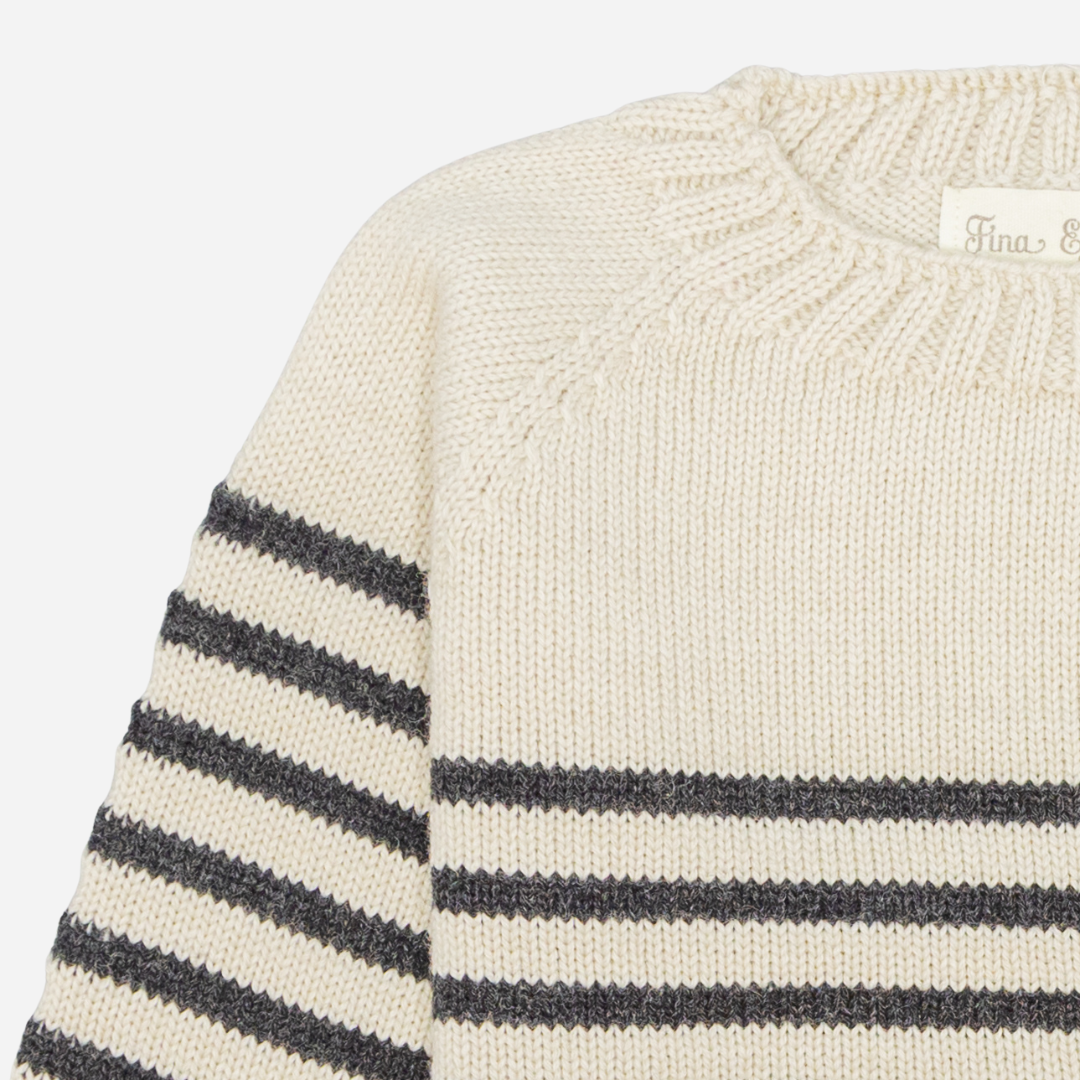 Sold at Bombon shop, designed by Fina Ejerique, a cream knit baby sweater with gray horizontal stripes, styled to pair with grey twill trousers. zoom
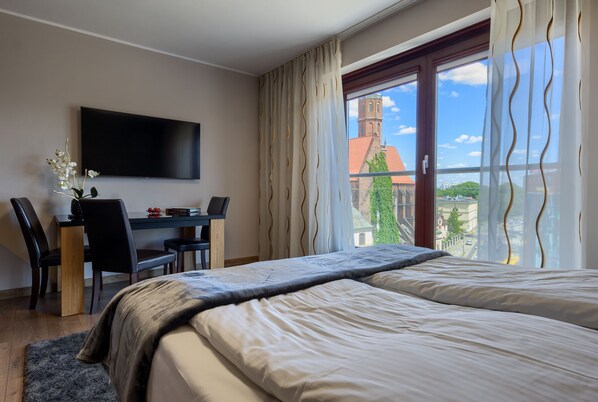 Une chambre d’hôtel comprenant un lit, un bureau avec une chaise, un téléviseur fixé au mur et une grande fenêtre avec des rideaux.
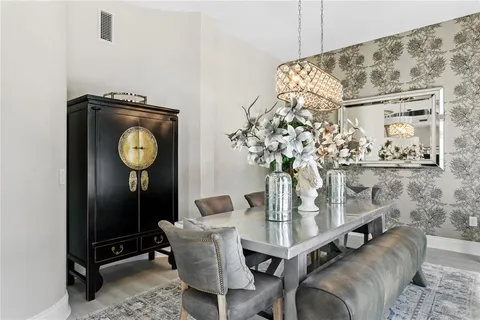 a bathroom with a sink mirror and toilet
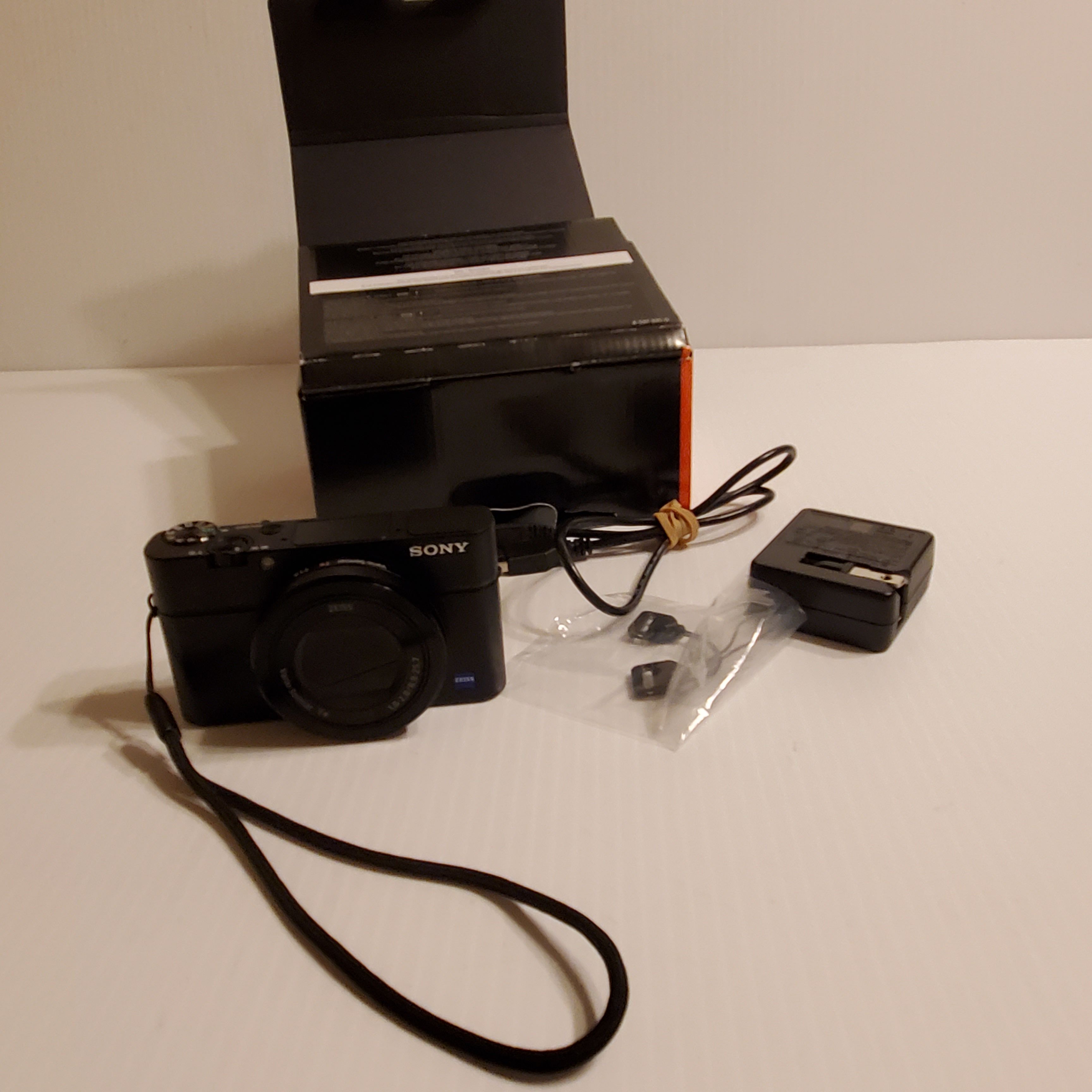 Sony DSC-RX100M3 Digital Camera with accessories - charger and battery. Comes with original box.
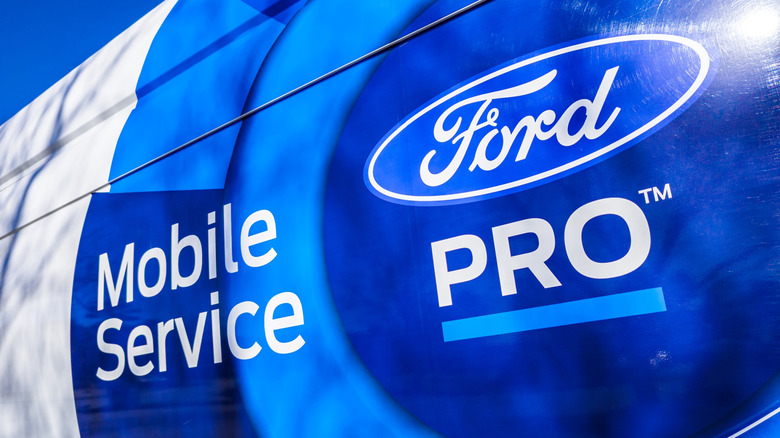 The side panel of a Ford mobile service van with logos and graphics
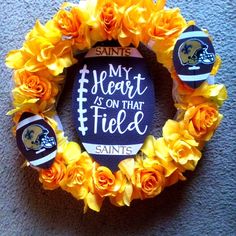 a wreath made out of flowers with the words my heart is on that field painted on it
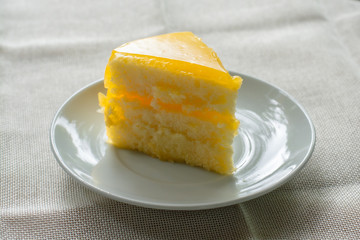 Delicious slice of orange cake served on white dish in coffee times on tablecloth.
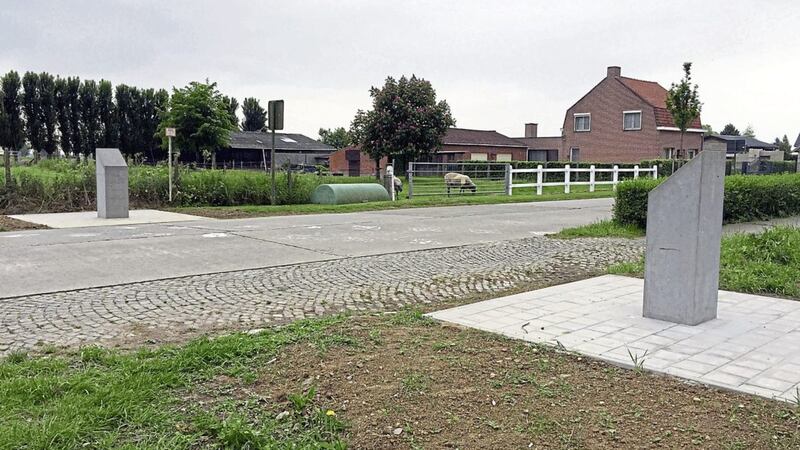 Memorial stones to 36th Ulster and 16th Irish divisions face each other outside Wytschaete Cemetery in Belgium. Picture by David Young, Press Association 
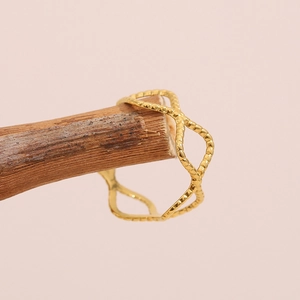 18K gold plated stainless steel wave ring with a twisted open design on wood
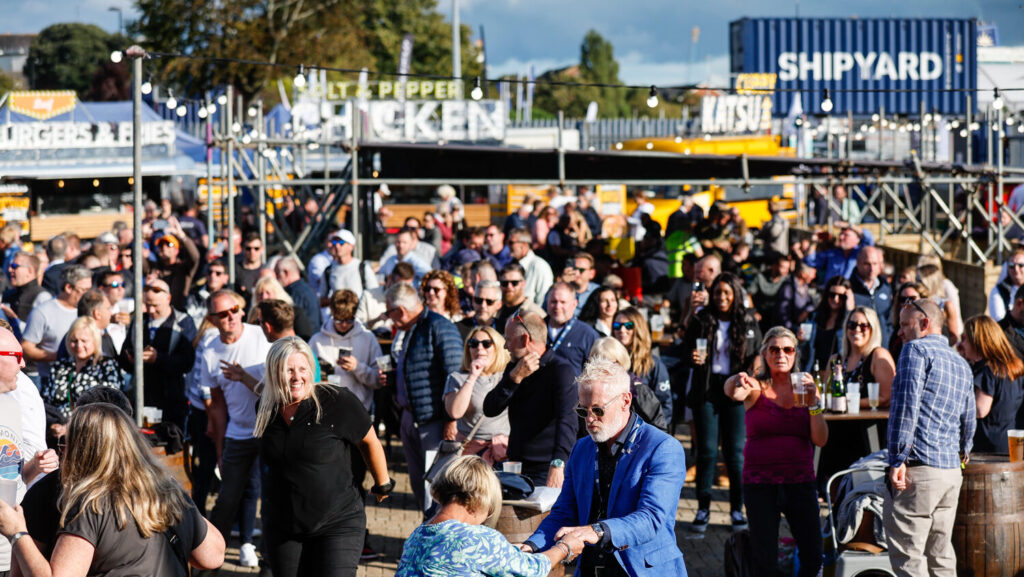 Southampton International Boat Show awards three-year F&B contract People dancing at a bustling SIBS 2023 F&B area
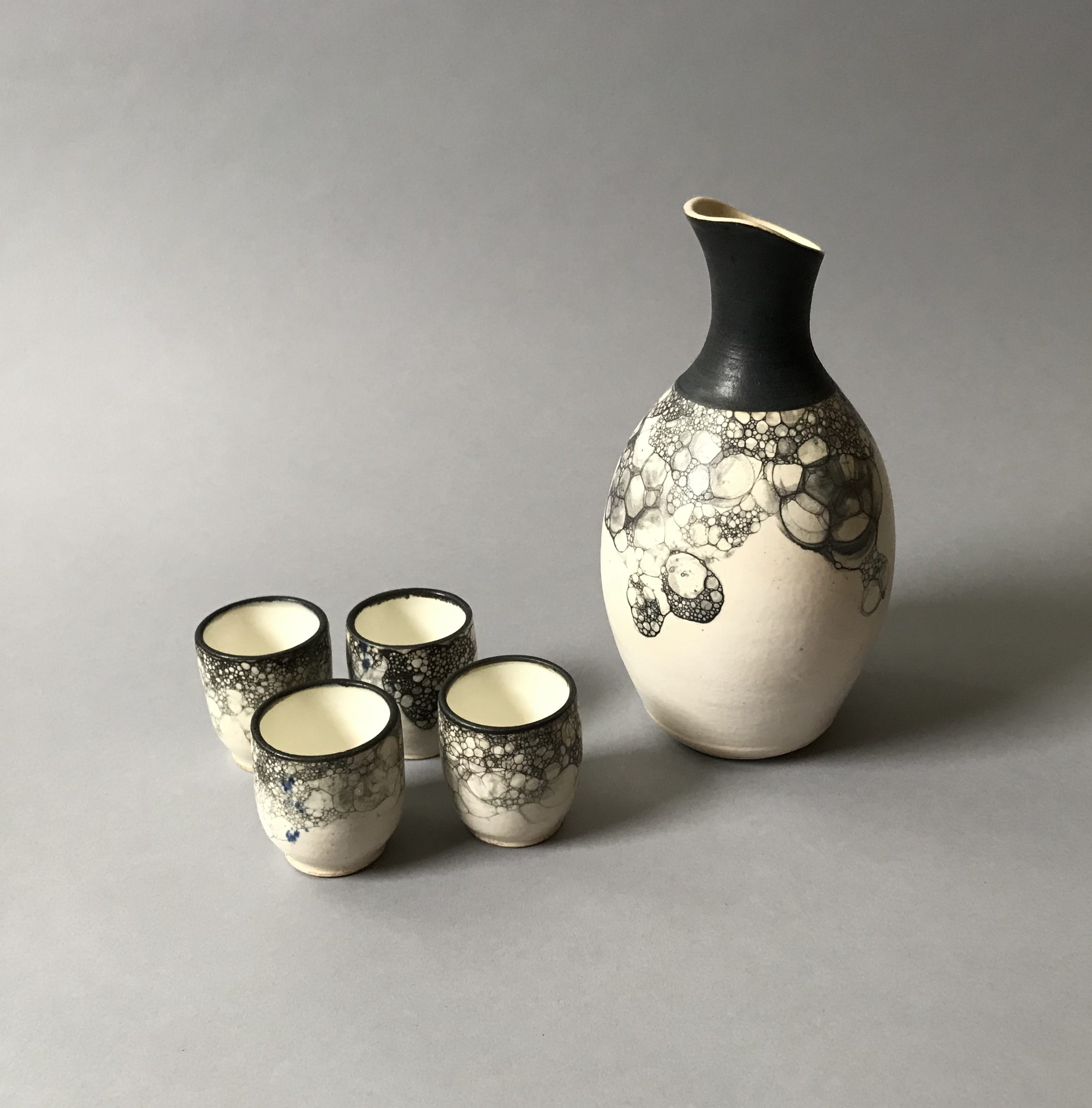 Sake carafe and four large sake cups with black underglaze bubbles on white background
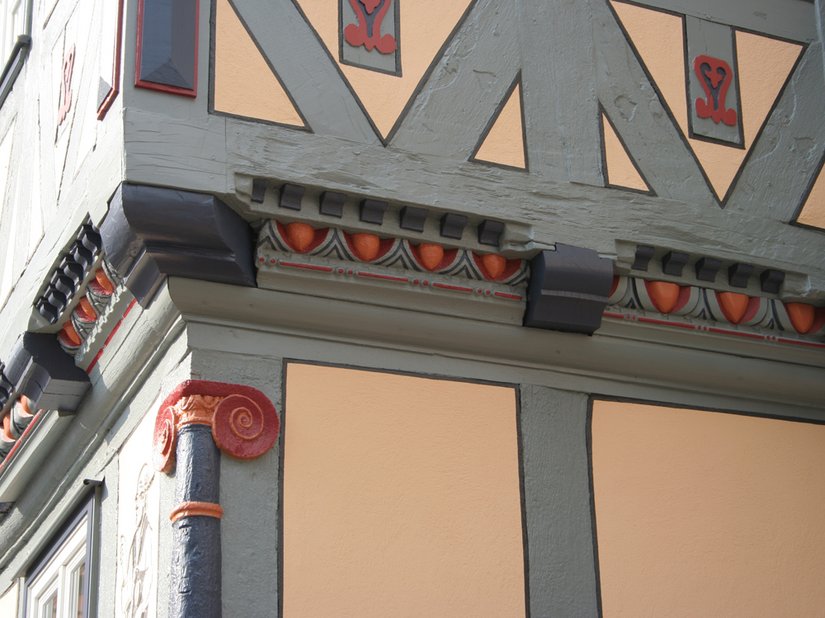 <p>Die ocker-orangefarbene Gefachefarbigkeit nimmt die ortstypische Farbigkeit der Begleitstriche in abgewandelter Form wieder auf, integriert das Gebäude ins Gesamtensemble und ihm die ihm gebührende Wertigkeit und Betonung innerhalb des Innenstadtbereiches.</p>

### Task directions
Skip the images and set down the rest of the data unchanged.

### Response for this exercise
 Sold at Bombon shop, designed by Fina Ejerique, a cream knit baby sweater with gray horizontal stripes, styled to pair with grey twill trousers. zoom
 Une chambre d’hôtel comprenant un lit, un bureau avec une chaise, un téléviseur fixé au mur et une grande fenêtre avec des rideaux.
 a bathroom with a sink mirror and toilet
 Sony DSC-RX100M3 Digital Camera with accessories - charger and battery. Comes with original box.
 The side panel of a Ford mobile service van with logos and graphics
 a wreath made out of flowers with the words my heart is on that field painted on it
 Delicious slice of orange cake served on white dish in coffee times on tablecloth.
 Memorial stones to 36th Ulster and 16th Irish divisions face each other outside Wytschaete Cemetery in Belgium. Picture by David Young, Press Association 
 18K gold plated stainless steel wave ring with a twisted open design on wood
 Southampton International Boat Show awards three-year F&B contract People dancing at a bustling SIBS 2023 F&B area
 Sake carafe and four large sake cups with black underglaze bubbles on white background
 <p>Die ocker-orangefarbene Gefachefarbigkeit nimmt die ortstypische Farbigkeit der Begleitstriche in abgewandelter Form wieder auf, integriert das Gebäude ins Gesamtensemble und ihm die ihm gebührende Wertigkeit und Betonung innerhalb des Innenstadtbereiches.</p>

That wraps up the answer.